Le routage de bateau
Pierre Eckert, Météorologue émérite, Météosuisse
Juillet 2021
Le routage météorologique sert à optimiser le chemin parcouru de bateaux en fonction des conditions météorologiques rencontrées en cours de route. En compétition, on cherche le temps de parcours le plus court, mais il est également possible de chercher à éviter des situations trop difficiles ou de déterminer le meilleur moment de départ.
Des champs de vent
Le routage est devenu assez commun de nos jours et peut souvent être calculé à bord de l’embarcation elle-même. Il faut d’abord disposer d’un champ de vent sur l’ensemble de la région géographique sur laquelle des routes sont projetées et sur l’ensemble de la durée possible du parcours. Comme on a certainement pu l’expérimenter soi-même, les vents changent souvent radicalement dans le temps et dans l’espace.

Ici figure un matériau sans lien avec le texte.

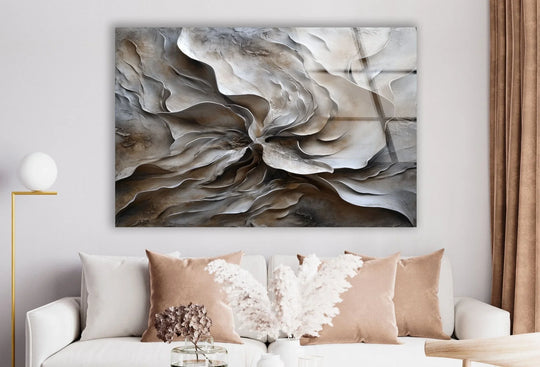 Abstract embossed painting glass wall art features undulating layers with a central geometric focus, offering best glass art.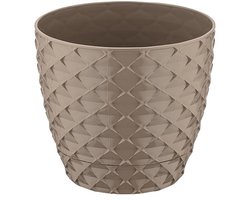 3+2 - Bloempotten - rond taupe met afwatering en wateropvang - 5 ronde mokka sierpotten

Exemple d’un champ de vent entre les Féroé et l’Islande.
La polaire du bateau
Il faut ensuite disposer des caractéristiques du bateau sur lequel on navigue. La vitesse d’un bateau à voile dépend non seulement de la force du vent, mais aussi de l’angle entre la direction du vent et la direction de déplacement du bateau. Un bateau à voile ne peut pas avancer exactement contre le vent, mais il le peut dès qu’un angle d’une trentaine de degrés est atteint. On parle ici d’une allure « au près ». En s’écartant davantage du vent, on passe ensuite à des allures de travers ou « largue ». L’allure souvent la plus rapide est observée lorsque le vent vient en partie de l’arrière ou « grand largue ». Paradoxalement, le vent arrière n’est pas l’allure la plus rapide car il devient alors impossible de gonfler les voiles (le vent apparent est nul) et la navigation devient très instable avec des changements de côté des voiles incontrôlés. On peut trouver une description des allures dans l’article Wikipédia https://fr.wikipedia.org/wiki/Allure_(marine).
Les caractéristiques de navigation du bateau sont introduites dans le programme de routage par le biais de sa polaire. Celle-ci détermine la vitesse du bateau en fonction de la force du vent et de l’angle entre la direction du vent et la direction de déplacement du beau. Chaque type de bateau possède une polaire spécifique. Les monocoques diffèrent par exemple significativement des multicoques. L’exemple de la polaire de Gaia est donné ici.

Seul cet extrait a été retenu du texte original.